Sen. Dianne Feinstein, D-Calif., pressed her colleagues earlier this year to back legislation to force the CIA to strictly adhere to the Army Field Manual. She won passage of the bill, which President Bush swiftly vetoed.

But in an interview with the New York Times earlier this month, Feinstein, who will become chairman of the Senate Intelligence Committee in January, said she would allow interrogators "flexibility" in "extreme cases."

"I think that you have to use the noncoercive standard to the greatest extent possible," Feinstein told the Times, and added that an imminent terrorist threat might call for extreme measures.

To refresh the mind of the reader let’s conclude this analysis with what U.S. envoy to Sri Lanka Ambassador Robert Blake advocated to Sri Lanka in his interview to the Sunday Observer:

(Quote) So, for example, one of the very difficult problems the government faces is to identify suicide bombers. How they find these people before they carry out their murderous acts. And I believe that the way to do that is still to arrest, question in a humane way and if they are suspected of the crime produce them in courts.

But do not use extra judicial killings and other kind of things. And those acts will undermine the long term solutions. So, it is much better to use rule of law to address terrorism. Accountability of rule of law is extremely important. (Unquote)

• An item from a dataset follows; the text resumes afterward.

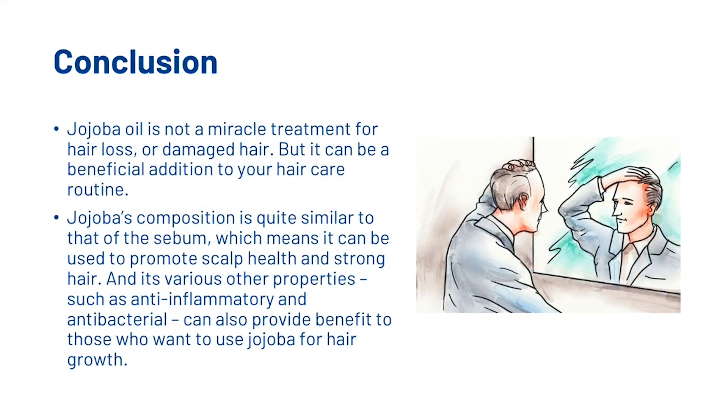To conclude, jojoba oil is not a miracle treatment for hair loss or damaged hair, but it can be a beneficial addition to your hair care routine. Jojoba's composition is quite similar to that of sebum, which means it can be used to promote scalp health and strong hair. Its various other properties such as anti-inflammatory and antibacterial can also provide benefit to those who want to use jojoba for hair growth.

Now, how could a U.S. Foreign Service Officer and his or her superiors in the U.S. State Department such as assistant secretary Richard Boucher advocate a "human way" of dealing with terrorists to a Third World country like Sri Lanka who is facing a severe threat to her sovereignty, territorial integrity and national security while the United States has adopted torture and degrading treatment to its captured terrorists while being a signatory to Geneva Conventions and other international covenants that spell out the manner in which a war prisoner, enemy combatant or a terrorist should be treated?

When it comes to degrading treatment and torture Sri Lanka in her survival struggle against the ruthless terrorist group is nowhere near the United States according to the reports that have emerged in recent times. And, vice president Dick Chaney was unapologetic when he endorsed torture in this week’s ABC interview.